Integrated Modern US History and Advanced Placement Language and Composition
In this integrated class, students consider the ways literature reflects American politics and the human experience, as they refine their awareness of language and the writer’s craft. They make connections between history and literature while examining the American landscape.
19 brave students found the following description appealing enough to commit to two semesters of Integrated Modern US History and Advanced Placement language and Composition last spring, when they registered for their classes. Some teachers were willing to do the same. Several weeks into the semester, neither seems to regret the decision.
There were specific reasons why some students chose this class and there are some perks that the teachers identified early. Taylor Theakston, Junior at Bob Jones, stated that her parents felt like it was a good idea because “colleges are starting to do this.” Other students may have taken honors courses in the past, but were not ready to commit to the traditional AP course load. “I was looking for something different, not the standard English or history course,” stated Bob Jones Junior, Jenny Shaver. Even some students who were hesitant about history courses in general are enrolled in this integrated course. “I don’t like history, but I like English,” stated Ashlee Sunderman, another Bob Jones Junior, “and thought that this class might make history more interesting to me.” All students that I spoke with are already finding the course very intriguing and different than what they have been accustomed to in an English or a history course. As for the teachers? “We get to have our students all year,” stated Robin Dauma, who along with Bridgitte Drummond, feels that they will have time to do more with their students.

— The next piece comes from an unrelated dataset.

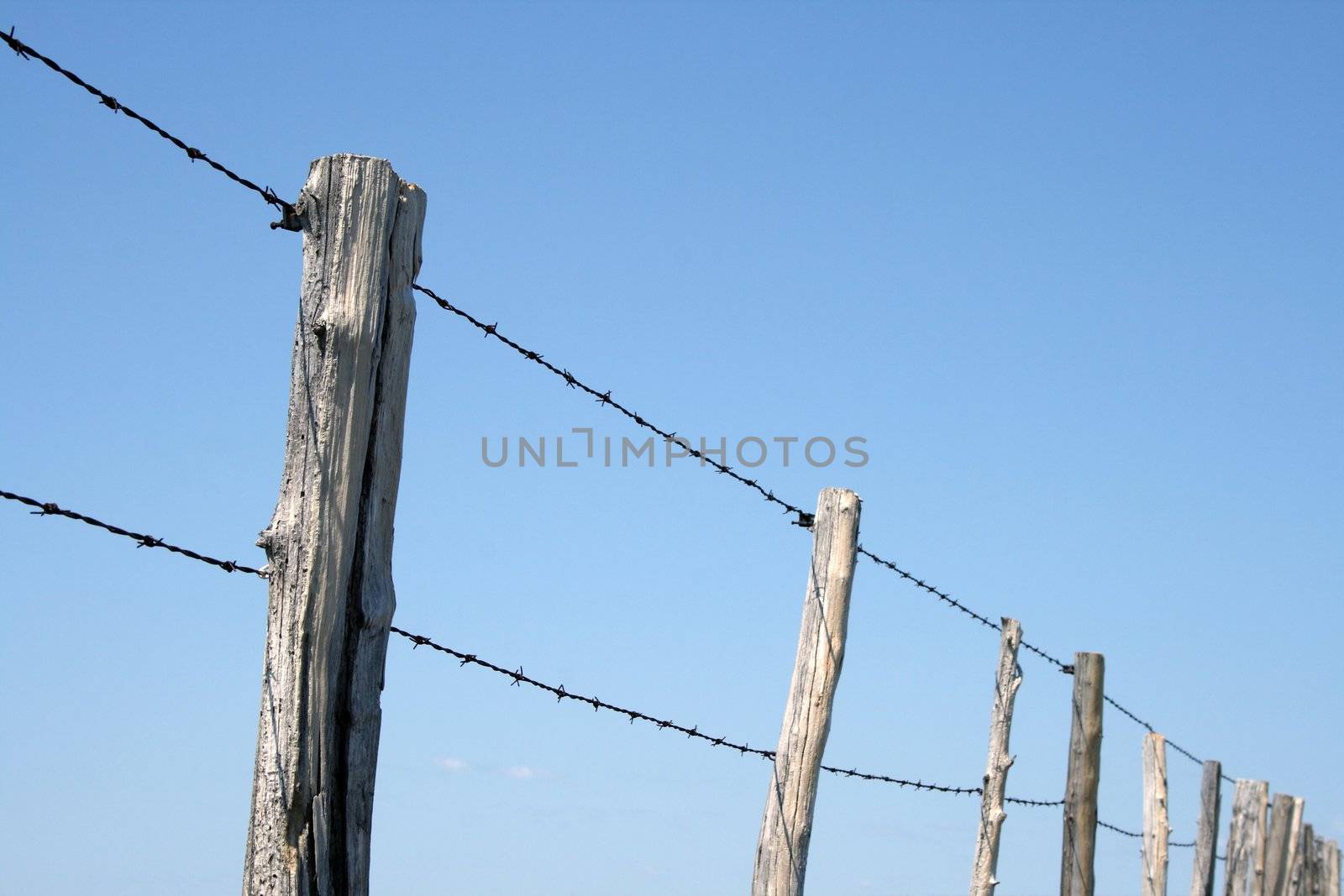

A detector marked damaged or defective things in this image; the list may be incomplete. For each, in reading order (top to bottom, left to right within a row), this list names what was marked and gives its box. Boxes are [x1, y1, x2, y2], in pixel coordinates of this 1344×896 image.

rusty wire [0, 28, 299, 231]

After visiting a district that offers all English and history classes as an integrated option, Madison City Schools decided to offer Integrated Modern US History and AP Language and Composition class as a pilot, to see if our students would benefit by having their English and history classes taught together. Would the experience provide additional context that would help students understand more of what they read? Would having two educators in the classroom provide additional support necessary to help students become better writers? More analytical thinkers? It is much too soon to speak to these questions; however, if student and educator satisfaction so far is any indication of success, then this class may become a fixture in high school curricula.

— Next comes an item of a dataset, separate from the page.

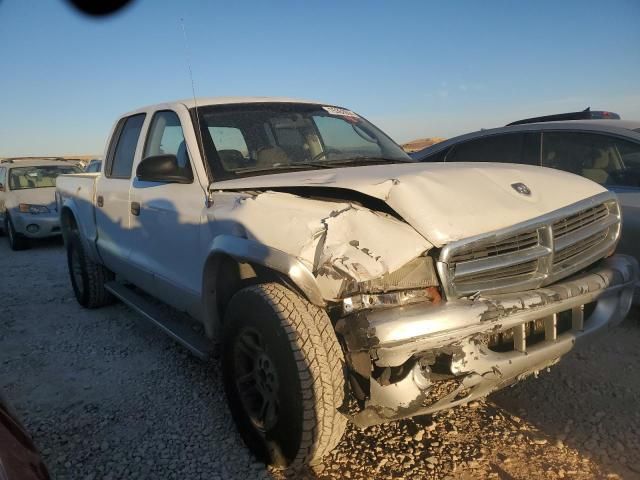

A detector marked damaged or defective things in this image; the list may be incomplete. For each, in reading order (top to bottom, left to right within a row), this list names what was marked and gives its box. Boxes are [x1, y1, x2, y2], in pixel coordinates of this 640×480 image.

Students reported finding the class much more interesting than the standard thoroughfare and had been analyzing words from John McCain when I visited. Students’ homework? Identify a lyric from a song or a quote from a book and explain how it expresses a change in the human landscape. “It’s better to feel pain, than nothing at all / The opposite of love’s indifference, by The Lumineers,” said Shaver, “because no war has ever been fought by an indifferent leader. Passion of some sort has started every war that we have ever experienced.” If this student’s explanation is indicative of the benefits of an integrated English and history course, then we are on the right path.